By Cassie Freund, Program Director
Disseminating information about orangutans, the rainforest, and other environmental issues through radio broadcasts has been in GPOCP’s repertoire of conservation activities for almost 17 years. During that time, we have reached an estimated 400,000 people per month, broadcasting thousands of talk shows and radio commercials promoting the conservation of the Gunung Palung National Park landscape across three different stations. When we first began this program, radio was the main medium through which people in Indonesia received their news. There were no smart phones, no internet access, and only the wealthiest few owned television sets. Radio was the most efficient way of reaching hundreds of thousands of people at once. Today, with the introduction of modern technologies to even the most remote communities, things have changed a bit. GPOCP has adapted as well – our social media program is growing rapidly and we routinely publish news stories in online newspapers. However, despite these new technologies, radio still remains popular in Indonesia, and thus we find this to be an effective conservation campaign method. To further increase our impact, beginning last month, we initiated several new efforts to improve and evaluate our radio program.
The first of these was to institute a monthly theme for the radio show.
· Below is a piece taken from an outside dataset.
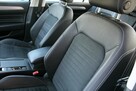 Volkswagen Passat ELEGANCE 1.5 TSI 150KM Salon PL Serwis ASO Zamiana Finansowanie FV 23% - 14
Each month we produce eight hours of radio programming for our show Bincang Hijau (which translates roughly to “Green Discussion”), and so focusing on a single theme means that we can dive deep into the topic. In March, our theme was oil palm plantations, including the environmental and social impacts of agricultural expansion. In April, we will focus on mining. In addition to normal informational broadcasts, we also have at least one talk show with a government official or community leader per month. For example, this month we invited an official from the Ketapang Department of Agriculture to answer listener questions about oil palm expansion in the region. We have also added in twice monthly call-in shows and given people the opportunity to “text-in” (using SMS messages) to take feedback from our audience – making radio a more interactive communication medium. Finally, we are now working with International Animal Rescue to help them develop their radio program, and they run two of our eight shows per month, bringing a fresh perspective on orangutan conservation to GPOCP’s broadcasts.